Michelle Rosenberg's Call and Response fits that description perfectly: two simple birch wood structures, on opposite sides of a stream bed. One has a single horn/call button, and the other has six. The interior is wallpapered and is complete with brass labels; as would any mansion with a serving staff. The exterior resembles a bird-watching station or duck blind. Squeeze the single horn and you get a variety of responses from anyone in the opposite hut in return.
Near by is Matthew Geller’s Babble, Pummel and Pride -- you can never really escape nature -- and Bruno LaVerdiere’s eerie Sacandaga Markers.
To fully appreciate Alison Crocetta’s Tracing Influence, you should take the house tour and see the theater painted by the Russian costume designer Leon Bakst. Nonetheless, it does just fine on its own: cut vellum paper attached to the wall of the carriage house; it’s quite striking, as shown above.
Katherine Kavanaugh's work is a set of glass row houses, fixed to steel poles. This is a fitting juxaposition for Baltimore. The transparent and vulnerable circling the estate home? Be cautious of those in glass houses. This piece must look beautiful on a moonlit night.
Another piece I'd like to see at night is Suzy Sureck's Alice and the Looking Glass. Etched, mirrored plexiglass, with a light from above projecting the image on the wall. The black stage curtains add the mystery to this subtle piece.

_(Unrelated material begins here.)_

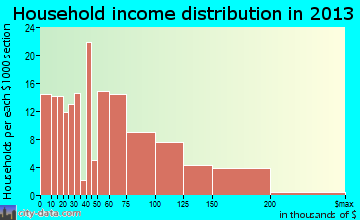 Capitol Heights household income distribution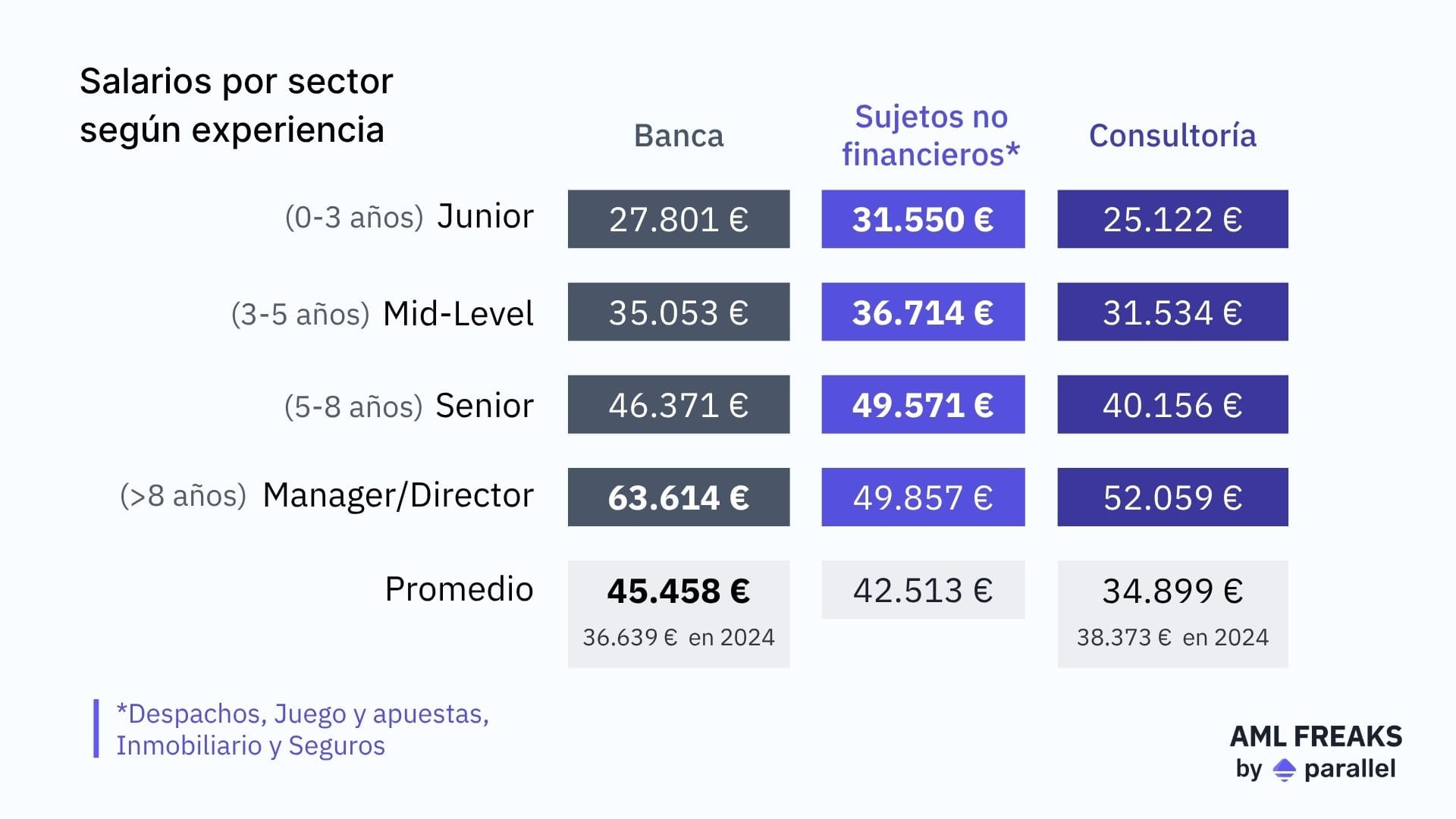Comparativa de salarios según experiencia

Also on view is the twisted and twined recycled "industrial salvage and street litter" of Baltimore Irratic, by Susie Brandt and Kristine Woods. I like the idea, I wish it were formed into to a more interesting shape. Bartow+Matzger were still putting the finishing touches on their collaboration, Colloquiseum (I'll return), and Suzanne Bocanegra's After Jan Brueghel the Elder's Bouquet, 1607 is a suspended mix of twine, beeswax, fabric, and flowers, in a portion of the ruins of the estate's arboritum. The exhibit is on view through September 14th.